The Gospel of Life
“What are human beings that you are mindful of them, mortals that you care for them? Yet you have made them a little lower than God, and crowned them with glory and honor.” ~Psalm 8:4-5
“I came that they may have life, and have it abundantly. ‘I am the good shepherd. The good shepherd lays down his life for the sheep.’” ~John 10:10-11
There are a few novels on a list of books I call my “once-a-year list,” which is exactly what it sounds like, books that I read once every year. One is The Power and the Glory, a novel by British novelist and Catholic-ish author Graham Greene. The Power and the Glory tells the story of the last remaining Priest in a Southern Mexican state that has been overrun by a violent Marxist regime, which made killing priests a top priority. Yet, the protagonist is no hero. He is left alone until the bitter end because he is a “whiskey priest,” a drunk so ineffective in his ministry that he is easily ignored. For the sake of due diligence, however, the Police tasked with killing priests must eliminate him, and this task drives the plot.
In one moving scene our whiskey priest hides in a graveyard, only to realize that many of the crosses, statues of saints, and the Virgin Mary, along with any other remaining Christian symbol have been smashed, and the graves desecrated by Marxist enthusiasts. It is here that he ruminates on the horrific “fury to deface” that came with the violent revolution that sent him on the run. It is a violence grounded in a rejection of God, in the Priests’ mind, so the violence was extended to the image-bearers of God themselves, those still living and those lying in repose in the graveyard. “If God had been like a toad, you could have rid the globe of toads, but when God was like yourself, it was no good being content with stone figures– you had to kill yourself among the graves.”
In last week’s Compass, I began to lay out foundations for principled Christian engagement with political and public life; an engagement grounded on the life, death, and resurrection of Christ our Lord. Continuing with this theme, I would like to briefly discuss the principle of what some have called the “Gospel of life,” in response to the ease and carelessness with which so much life is taken, diminished, and destroyed.
We in the West have been slowly and deliberately rejecting God for some time. The history of how we reached this point is too expansive to cover in this compass, but the fruits of our rejection of God are being felt acutely in the public and political struggles in our county.
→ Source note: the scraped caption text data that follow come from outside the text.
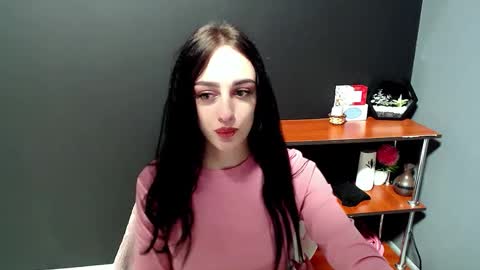 Snapshot of blacky_berry chatting on 01-11-25, 02:58 Ivy online show from 01-11-25, 02:58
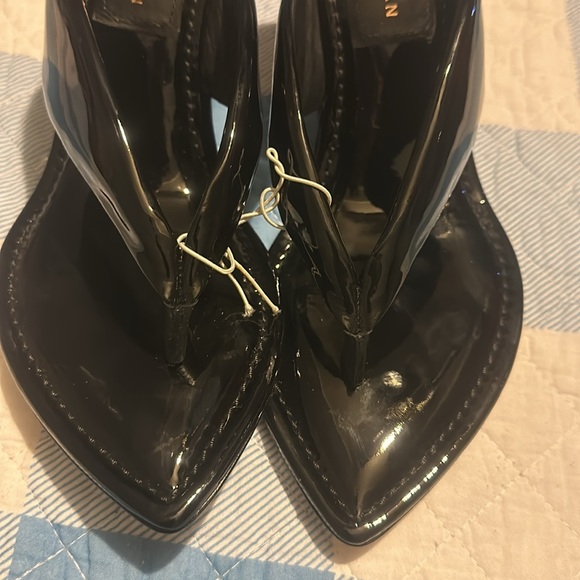 GOOD AMERICAN Cinder-f*king-rella Thong Wedges - Black Patent - Picture 3 of 9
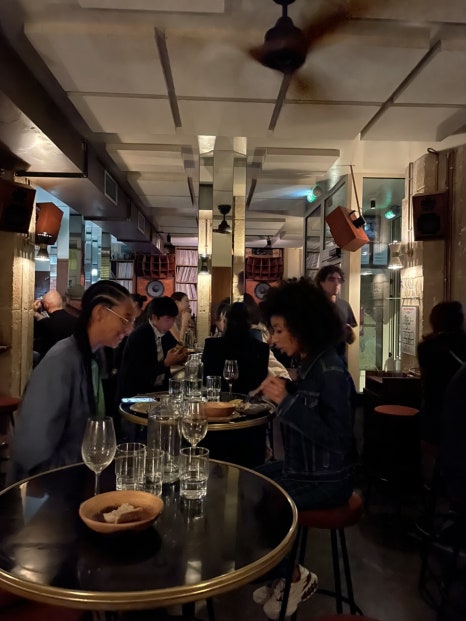 프랑스노래주점 이미지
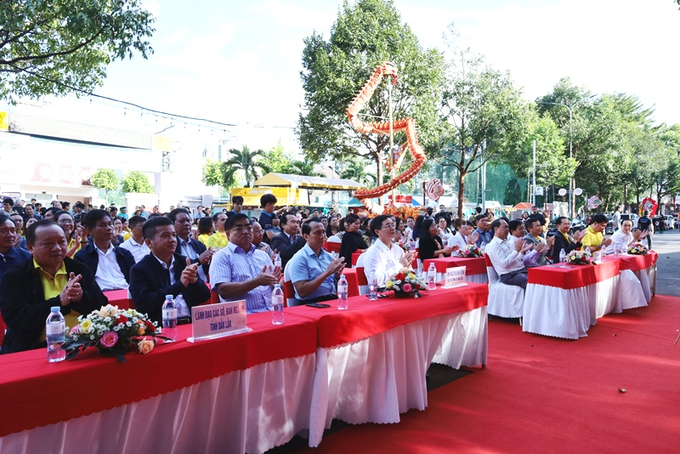 Quang cảnh buổi lễ khai mạc
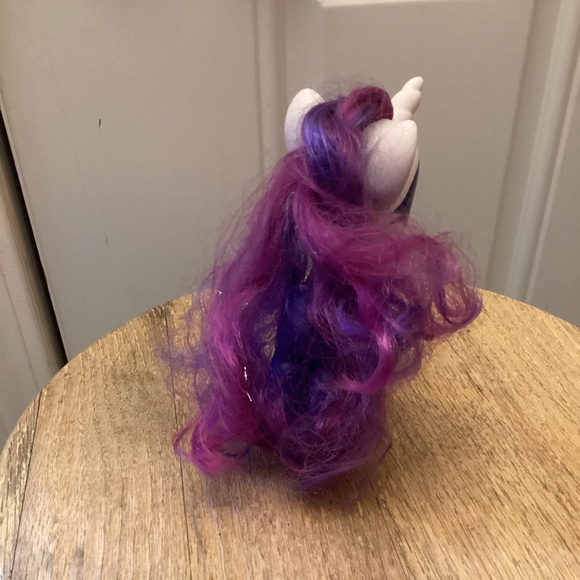 MY LITTLE PONY Friendship is Magic RADIANCE RARITY, Target Exclusive 2010 - Picture 4 of 8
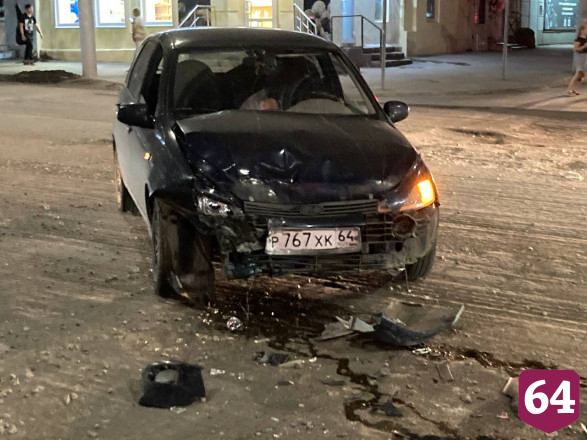 Легковушка протаранила иномарку у цветочного магазина в центре Саратова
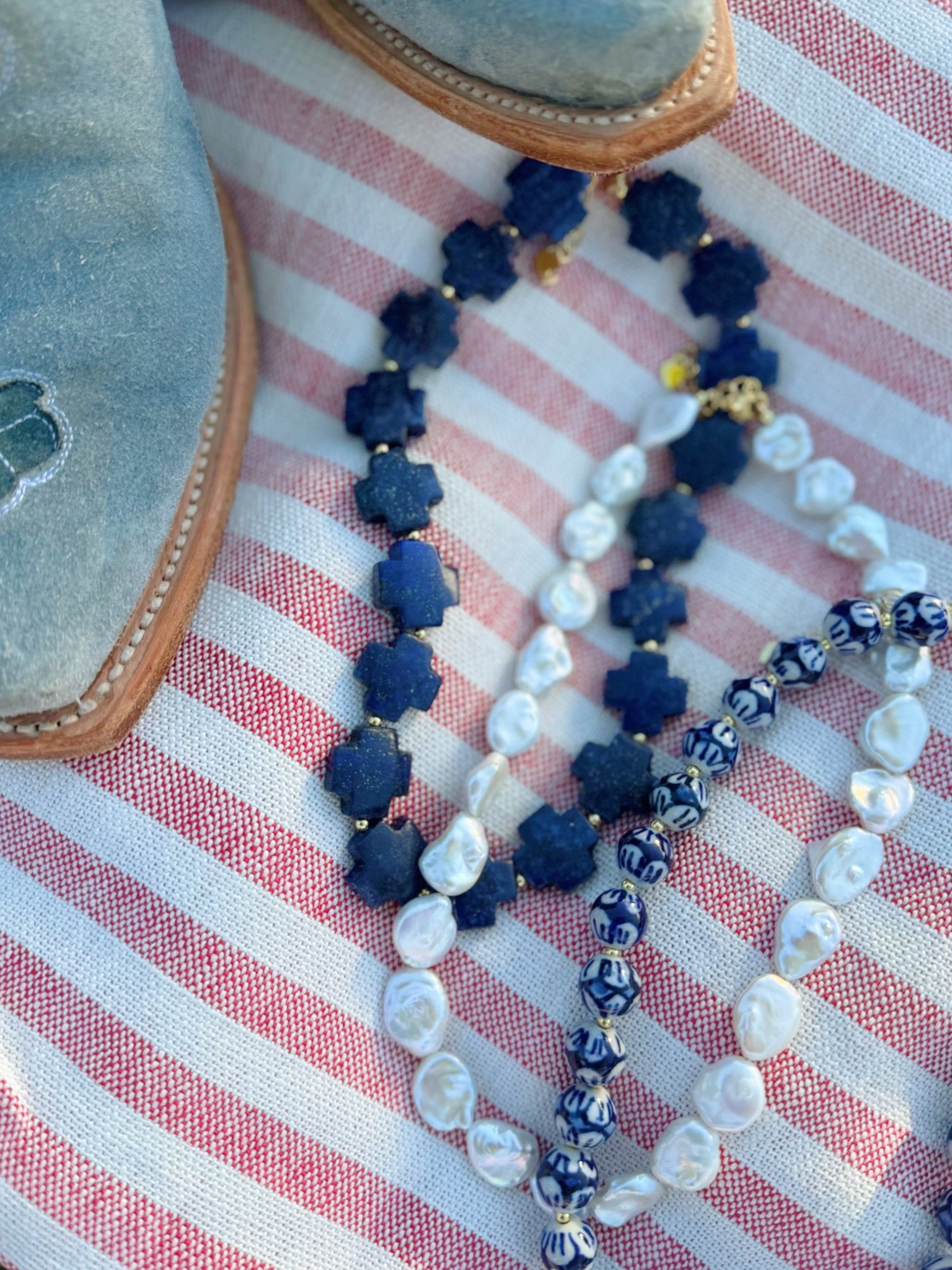 CAROLINA CROSS NECKLACE
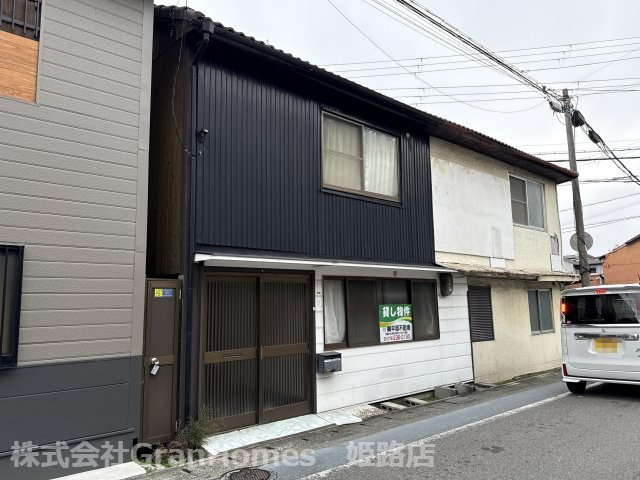 中浜UY借家の外観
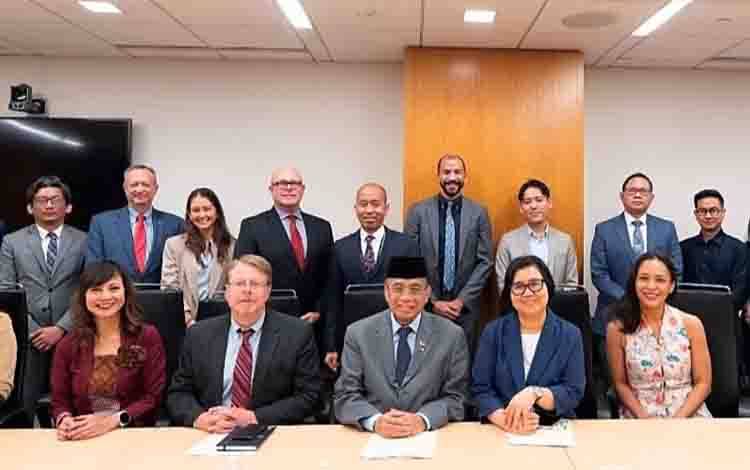Duta Besar RI untuk AS Indroyono Soesilo (depan, tengah) dan jajaran KBRI Washington DC bertemu dengan US Chamber of Commerce serta AmCham Indonesia guna membahas investasi industri AS ke Indonesia dan peningkatan rantai pasok Indonesia pada industri global, di Washington DC (25/6/2026). (ANTARA/HO-KBRI Washington DC)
Of course, God is not like a toad, as the whiskey priest knew. God is like us because, what is more to the point, we have been made like God: created in God’s image, filled with God’s Spirit, redeemed by God’s Son. So it should come as no surprise that a culture that rejects God acts that rejection out through violently harming and killing God’s image-bearers.
The Christian Gospel is a Gospel about life. Through Christ Jesus we are, quite literally, given new lives; here, now, and into eternity. Sensing the waning influence of this crucial element of Christian belief in the mid-1990s, Pope John Paul II wrote a Papal Encyclical that has been deeply influential in my thinking on this topic called Evangelium Vitae (The Gospel of Life). In it, he warns of the devaluing of human life he witnessed in the growing ease of access to abortion, assisted suicide, the poor treatment of the elderly and infirm, and so on; and challenged the Church to stand against these evils. One of the fundamental questions addressed in Evangelium Vitae is this: what is our starting point for understanding the worth of the human person?
It must be that “God so loved the world that he gave his only begotten Son,” for each and every person. God not only wonderfully creates each and every one of us (attested to in Psalm 8) but far more wonderfully restores us in Christ Jesus (Jesus is the good shepherd who gives his life for the sheep).
Old Man with a Baby Girl – © Yann Forget / Wikimedia Commons / CC-BY-SA, 2018.
Is there a political party, or political perspective in our country, or in the world, which adopts this starting point as their own when grappling with questions that impact sacred human life? I hope I am not saying too much when I say that I honestly do not believe so. The taking of a human life in utero, the accidental or purposeful death of a black man at the hands of a police officer, the death of a police officer ambushed by violent radicals, the death of an Octogenarian whose life is considered dispensable because keeping that person alive would cost too much money, or the death of a migrant or refugee on the border considered dispensable for political reasons; these deaths share much in common. They are all unjust deaths in the eyes of God, they are all proof that our society does not stand on the foundation of the Gospel of Life, and they are all implicitly or explicitly accepted as permissible by diverse political factions in our country.
What are Christians to make of this? There is reason for hope when God’s people do the opposite of what God says he hates in Isaiah 5:20, and call good “good,” and evil “evil,” and are compelled to cry out for God’s forgiveness and mercy when they come to understand their own complicity in it. Cynical as it may sound, the Church’s political task in this day and age is to know what is true, to say what is true, and point to another way, another kingdom, another king.